Adversarial evasion of steganalysis¶

Modern steganalysis uses machine learning classifiers trained on known steganographic algorithms. Given a large set of clean images and stego images produced by a known tool (steghide, F5, JSteg), a classifier learns to distinguish them with high accuracy. SRNet and EfficientNet-based detectors trained this way achieve over 90% accuracy against the tools they were trained on.

The weakness is the phrase “the tools they were trained on”. A detector trained on steghide detects steghide. It does not reliably detect a novel embedding algorithm, and it does not detect embedding that was explicitly optimised to fool it.

Training against detectors¶

The principle is straightforward: if the detector is differentiable (or can be approximated as such), the encoder can be trained to minimise the detector’s confidence score alongside the other objectives (imperceptibility, payload recovery).

The standard approach in research (Volkhonskiy et al., Tang et al., Shi et al.) is to add the detector as an adversary during encoder training:

loss = payload_recovery_loss + lambda1 * perceptual_loss + lambda2 * detector_loss

where detector_loss is the cross-entropy of the detector’s prediction on the encoder output. Minimising it pushes the encoder to produce stego images the detector classifies as clean.

After training, the encoder produces images that fool that specific detector. The catch is that a different detector trained on the resulting images will eventually catch them. The defence has to retrain; the attack has to retrain. This is the arms race.

Practical approach: target the deployed detector¶

Most organisations do not run cutting-edge research classifiers. They run commodity tools: stegdetect, Aletheia with default models, or commercial products based on SRM features.

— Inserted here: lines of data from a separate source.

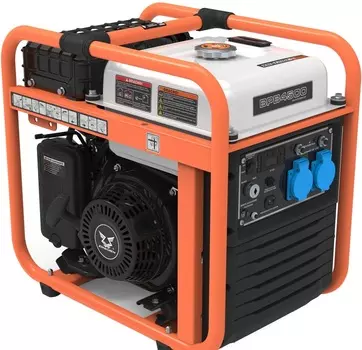 Бензиновый генератор Zongshen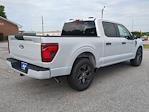 2025 Ford F-150 SuperCrew Cab RWD Pickup for sale #SKE56363 - photo 4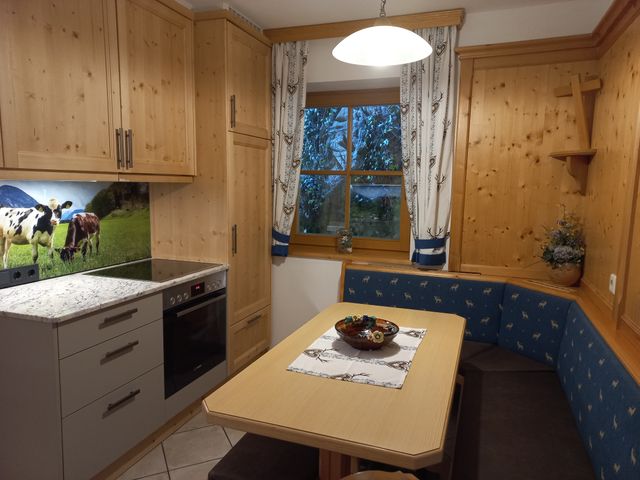 Ferienwohnung Brandtner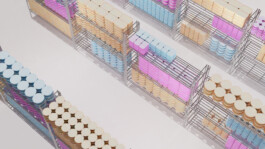 raumklasse — udk berlin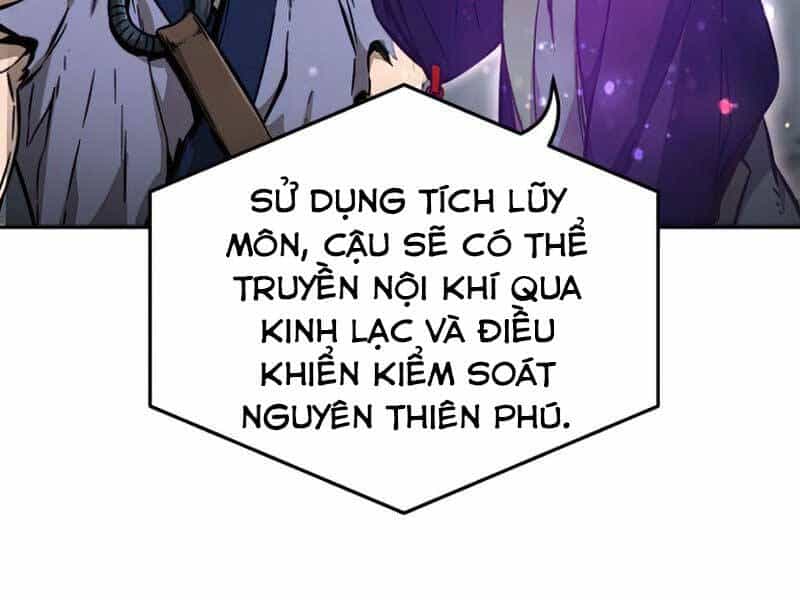 Cảm Kiếm Tuyệt Đối - Chương 12 - ảnh 206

The practical evasion approach is:

Identify which tool or class of tool the target environment is likely to run.
Obtain or replicate it.
Test your chosen embedding method against it.
If the tool flags the output, adjust the embedding parameters or switch to a method the tool was not trained on.

Most classical tools fail against neural embedding by default, because their training data did not include neural stego images. Running your payload through HiDDeN or SteganoGAN and then testing with stegdetect will usually show clean results, not because you broke the detector, but because it was never trained for that type of embedding.

Defeating SRM-based detectors¶

Spatial Rich Model (SRM) features are the basis for most classical learned steganalysis. They measure high-order statistics of prediction residuals. The key insight for evasion is that SRM features are computed in the spatial domain using fixed filter kernels. Embedding that distributes changes into the DCT frequency domain (as in JPEG steganography) partially evades SRM-based detectors trained on spatial LSB changes.

For JPEG-based delivery:

f5 -e payload.txt -p password cover.jpg stego.jpg

F5 uses matrix encoding to reduce the number of DCT coefficient changes per bit embedded, minimising the statistical footprint. Against a spatial SRM classifier, F5-embedded images score lower suspicion than LSB-modified images at equivalent payload capacity.

Testing your output¶

Before using any embedding method operationally, test it against the most capable freely available detector:

pip install aletheia
aletheia auto-test --image stego.png

Aletheia’s auto-test command runs the image against multiple trained models and reports detection probability for each. An image flagged by none of the default models is not provably undetectable; it means the embedding does not match any training distribution the tool knows about. That is still operationally useful.

For a more targeted test, run against the specific algorithm you are trying to evade:

aletheia srnet-predict --image stego.png --model srnet-model-alaska2.pkl

If the score is above 0.5 (indicating stego content), change the embedding parameters (lower the payload density, change the cover image, or switch to a different tool) and test again.

Cover image selection¶

Detectors are less effective on high-activity image regions (textured areas, foliage, fabric) than on smooth regions (sky, skin, flat backgrounds). Embedding into high-activity covers at low payload density is harder to detect than embedding into smooth covers at high density.

For operational use, select cover images with high spatial frequency content. Avoid synthetic images with large uniform regions. Natural photographs of outdoor scenes, crowds, or textured objects are better covers than product shots or illustrations.

Counter moves¶

Adversarial evasion tunes the embedding to slip past statistical steganalysis. Updated detectors, re-encoding carriers in transit, and disallowing unexpected file types raise the cost. Both defensive views apply, in the blue notes on plausibility as cover and watching the exits.